In this Case Study on Duty Suspensions with see how a SME with a well established product adapt a struggling international strategy to the trade environment and win new customers.
The transaction: loss of business due to a change in duty
The sales team had established a clear international strategy with market entry, milestones and expected sales. Unfortunately, as this is often the case in international trade, geopolitical events and trade disputes disrupted this perfect plan. While they were focusing all they energy on the Australian market, they started losing business to the competition in Brazil. This due to a change in import duty. They asked Alegrant to provide an analysis of the situation and an advice on how to respond.
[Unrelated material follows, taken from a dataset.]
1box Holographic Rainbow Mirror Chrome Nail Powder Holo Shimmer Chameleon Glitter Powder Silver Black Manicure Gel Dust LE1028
The solution: Temporary Duty Exemptions
We reported to the client that Brazil had introduced, for one year only, a temporary reduction of import duty rates. This reduction is affecting their product. Instead of the 25% duty rate, the temporary reduction was bringing the import duty to 0%. As a result, our client’s competitors rushed to contact Brazilian buyers to offer their products. Our client, being focused on their Australian market entry had initially missed this opportunity.
The implementation: Alegrant’s experts in action
We have verified the customs classification of the product to ensure the goods fit within the rules of the duty suspensions. As a result of our analysis, the client changed their focus to Brazil. They not only preserved their business but also won substantial new business from competitors. A Brazilian entity has been set up. They have imported products to store locally before the end of the duty suspension to serve the market after the temporary reduction of duty has expired. This Case Study on Duty Suspensions shows that business must monitor their trading environment regularly as opportunities such as suspensions or risks such as sanctions can arise suddenly.